I lettori ci scrivono

Sbriciolare il sapere e la scuola con le U.D.A.

L’ultimo grido in materia di innovazione didattica sono le U.D.A. (Unità Didattiche di Apprendimento). Terra d’origine di codesti mostriciattoli sono, manco a dirlo, gli Stati Uniti, donde provengono tutte le sperimentazioni, tutte le suggestioni, tutte le follie, che unitamente ad altre concause hanno ridotto la scuola italiana a quello che oggi è, cioè a un’istituzione che continua a funzionare solo perché la qualità umana e culturale degli insegnanti è tale da sopravvivere a ogni ostacolo.

E a questo punto, prima di affrontare il misterioso acronimo, poniamo una questione preliminare: ci chiediamo cioè perché mai una nazione come la nostra, che ha una tradizione culturale, pedagogica e didattica che origina almeno da Quintiliano e si dipana per secoli e secoli con un preciso filo conduttore fino agli anni settanta del ‘900, senta così forte il richiamo del pragmatismo pedagogico – didattico d’oltre oceano.

Non lo diciamo per un ridicolo sciovinismo, ma poniamo il problema oggettivamente e spassionatamente: ci chiediamo quale tipo di fascinazione possieda la pedagogia di origine deweyana per imporsi in quella che culturalmente non è certo una terra di nessuno. O, in modo complementare, perché mai il sistema scolastico italiano non raccolga la sfida dei nuovi tempi attingendo alla propria storia e alla propria tradizione culturale, che non esclude la dimensione pratico-operativa ma la accompagna alla riflessione e all’approfondimento dei contenuti.

In attesa che i pedagogisti e i didattologi ci diano cortese risposta, spieghiamo a braccio cosa si cela dietro il velame dell’acronimo. L’Unità Didattica di Apprendimento è in sostanza un argomento che viene affrontato dalla prospettiva di diverse discipline e nella cornice della “didattica per competenze”, cioè della risoluzione di problemi concreti.

Va da sé che questa prospettiva esclude la lezione “frontale” o “cattedratica” e prelude alla cosiddetta “scuola senza materie”, o quanto meno a una ridefinizione di queste ultime che ne renda impercettibili i confini.

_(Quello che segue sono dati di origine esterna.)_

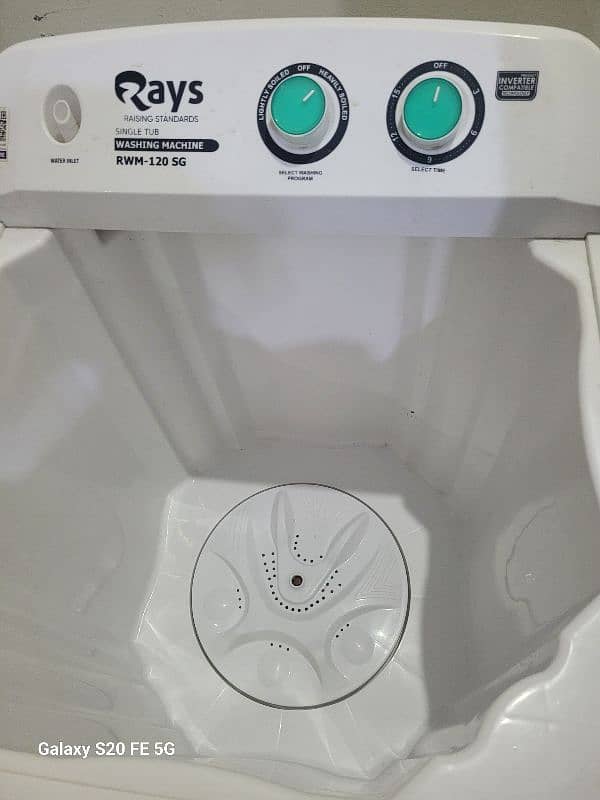 Rays single tub washing machine 7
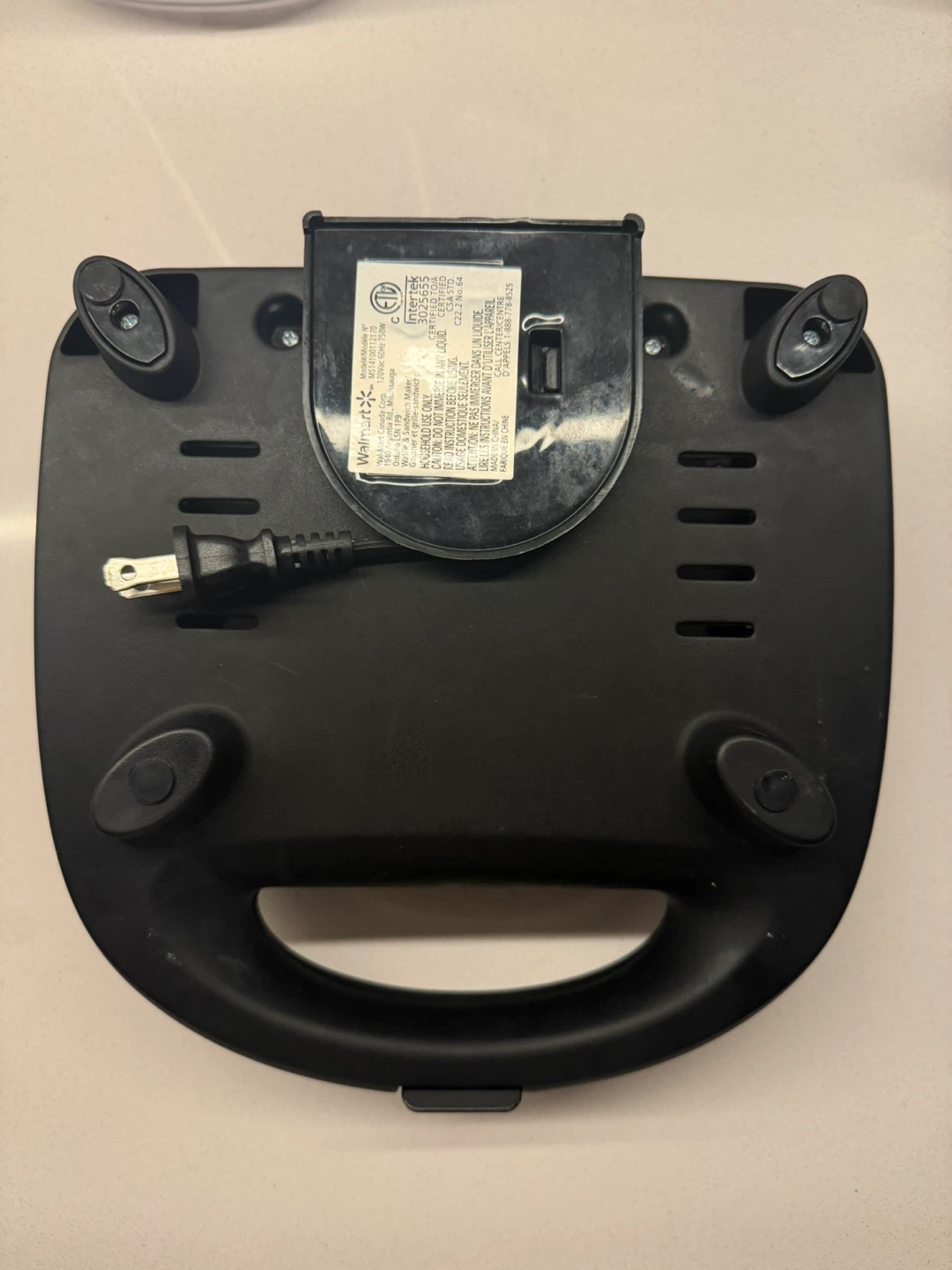 Black 2-in-1 Sandwich and Waffle Maker - photo 3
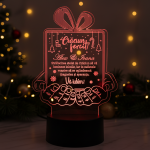 Cadou personalizat – Urare de Craciun cu LED multicolor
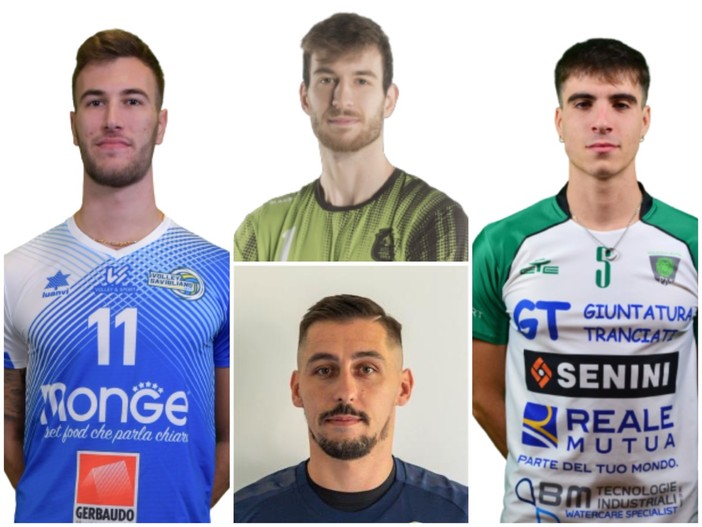 In senso orario Rossato top scorer, Peslac, Catone, Lukasz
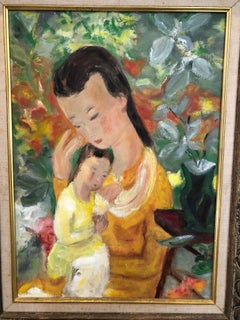 Vietnamese Paris School Mother and Child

È certamente auto-gratificante sentirsi un po’ filosofi, un po’ pedagogisti, un po’ innovatori della didattica. Illudersi di tracciare nuove strade, utilizzando a tale scopo il lessico anglosassone di cui abbondantemente infarcire le proprie esternazioni. In realtà muoversi in questa direzione significa soltanto privare docenti e alunni di sicuri punti di riferimento, annacquare i saperi, e lavorare per creare una immensa massa lavoratrice dequalificata, perfettamente adattabile al “mondo nuovo” huxleyano che si profila. L’esigenza di raccogliere le conoscenze in sistemi coerenti, dotati di propri ambiti di indagine e specifiche metodologie,  è insita nel sapere da quando esiste la scuola, ed è suscettibile di adattamento, non di rivoluzione: vale sempre, sul punto, l’espressione “distinguere per unire” dell’ epistemologo Maritain. Allo stesso modo non si può rinunciare al rapporto tra il discente e il docente, il quale ultimo non può ridursi, come vuole questa pedagogia modernista, a mero “facilitatore”, ma conserva nei confronti degli alunni un ruolo di direzione e di guida nell’ambito del settore di competenza, circa il quale possiede una preparazione certificata e riconosciuta.

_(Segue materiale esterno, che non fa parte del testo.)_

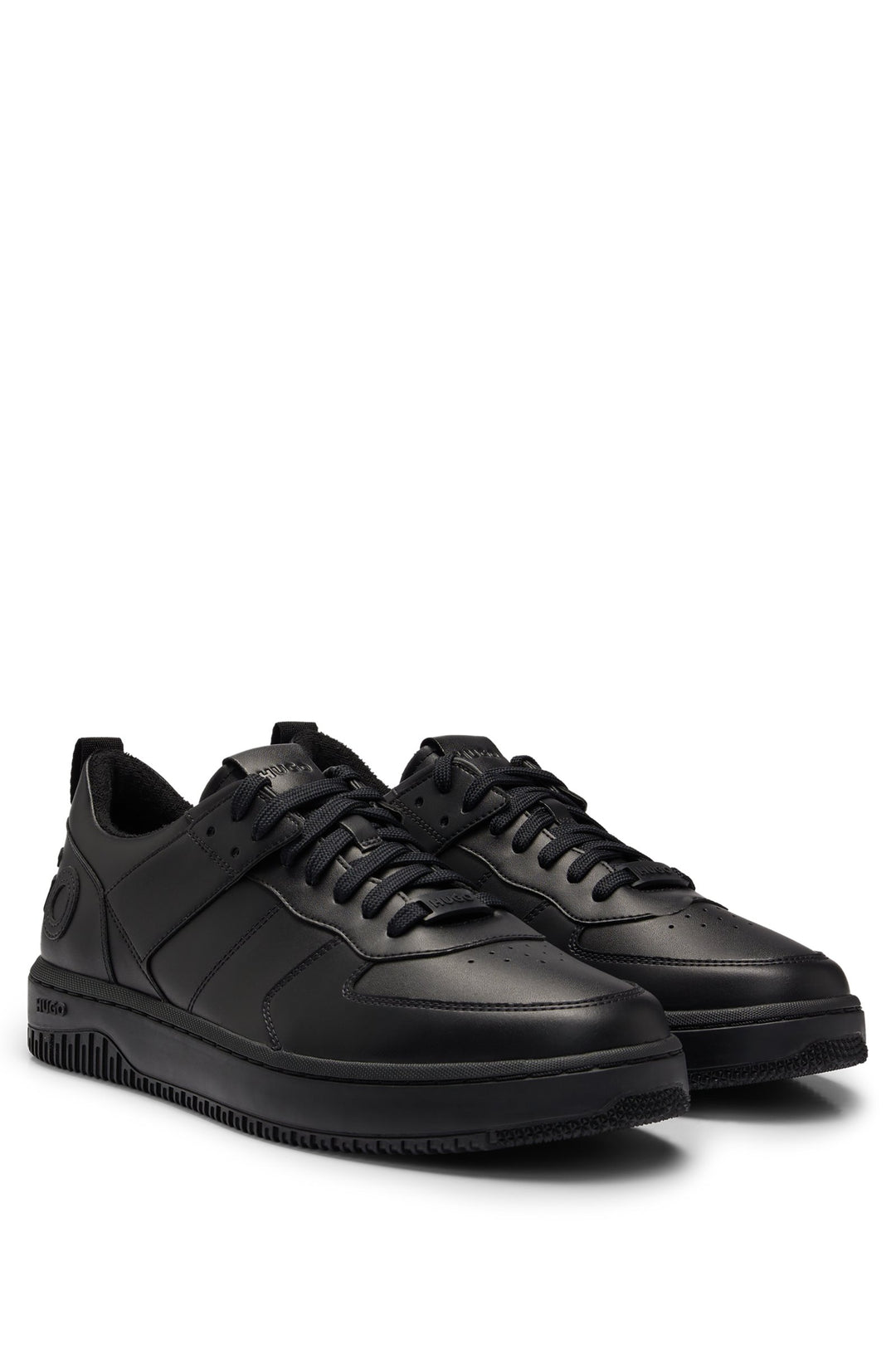 HUGO Standard Sole Sneakers in Artificial Leather - KILIAN_TENN_FL_N 10240740 01-50505057- Concorde Fashion#color_black-001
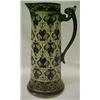 Image 1 : Chesapeake Pottery Company large pitcher, gilt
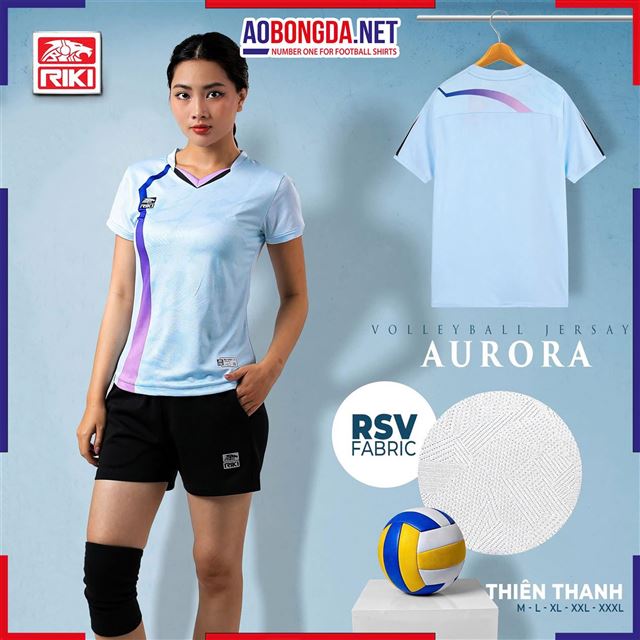 Bộ Bóng Chuyền Riki Vol11 Aurora Nữ Thiên Thanh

Del resto, osservando con attenzione questa pietanza indigesta di nome U.D.A., non è difficile scoprirvi ingredienti tutt’altro che innovativi, piuttosto eterne esigenze culturali che ritornano mutato nomine.

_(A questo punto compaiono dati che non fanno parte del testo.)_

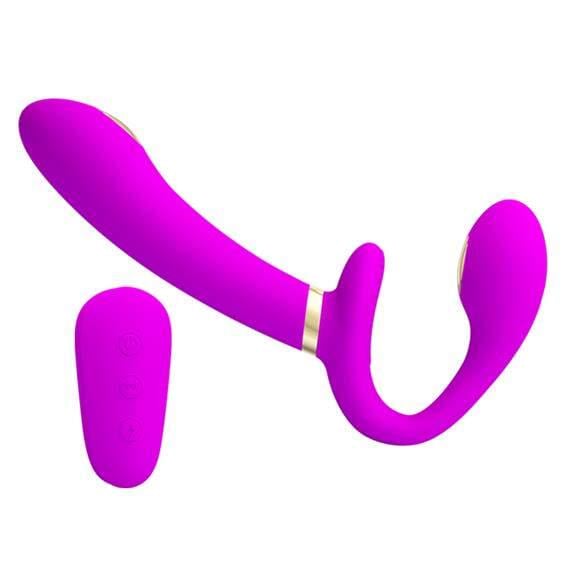 Страпон женский безремневой Pretty Love Thunderbird Harnessfree Stimulator Purple ( 38131597)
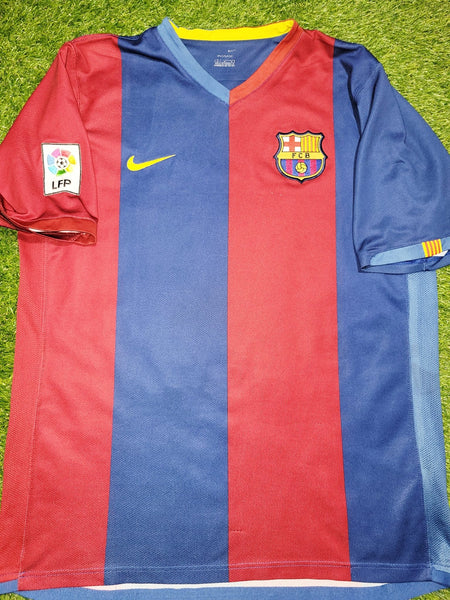 Ronaldinho Barcelona 2006 2007 Home Jersey Shirt Camiseta L SKU# F6AOM 146980 Nike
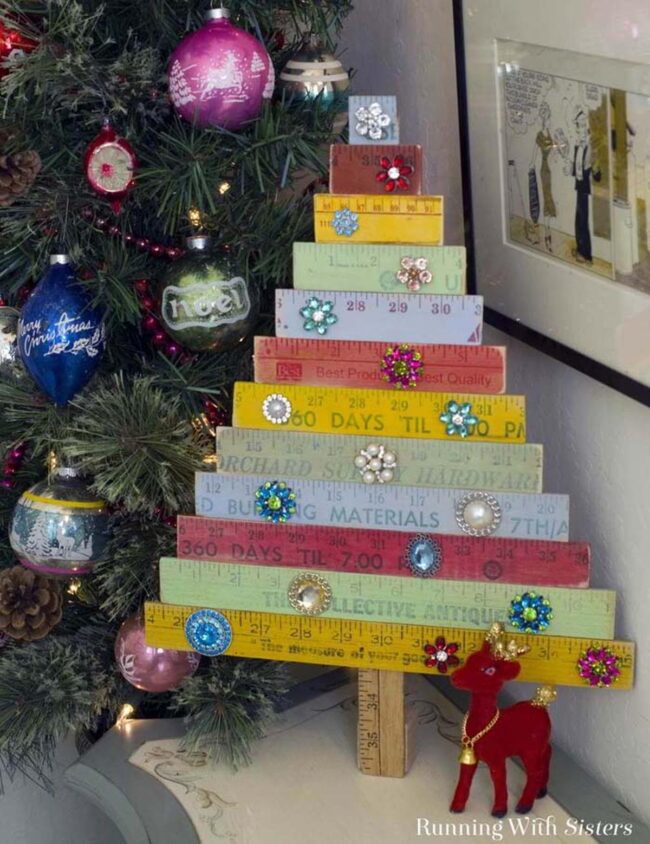 Brooch Yardstick Christmas Tree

Chi non ricorda quegli insegnanti che ci raccomandavano di “non ragionare per compartimenti stagni”? Non per questo, però, essi abbandonavano il sapere disciplinare. Suggestioni come quelle del docente mero facilitatore o addirittura della cosiddetta “classe capovolta” non sono altro, dal canto loro, che l’estremizzazione di un orientamento pedagogico vivo almeno da Froebel in avanti, e che trovava realizzazione fin dai Cinquanta del ‘900 nel “lavoro di gruppo”, operazione peraltro assai più umile perché non insignita di alcun acronimo e non sponsorizzata dall’INDIRE.

Riuscirà il Ministro Bussetti – uomo dotato  di buon senso, che conosce la scuola per esperienza vissuta e non attraverso gli slogan del pedagogese – ad arrestare questa tendenza, a trovare ad essa delle alternative? Non lo sappiamo. È un’impresa immane, perché uffici, carrozzoni, mentalità, remano in questa direzione. Ma rifletta che dalla sua parte avrebbe i docenti, che scendendo in trincea tutti i giorni sanno cosa serve davvero a far funzionare la scuola.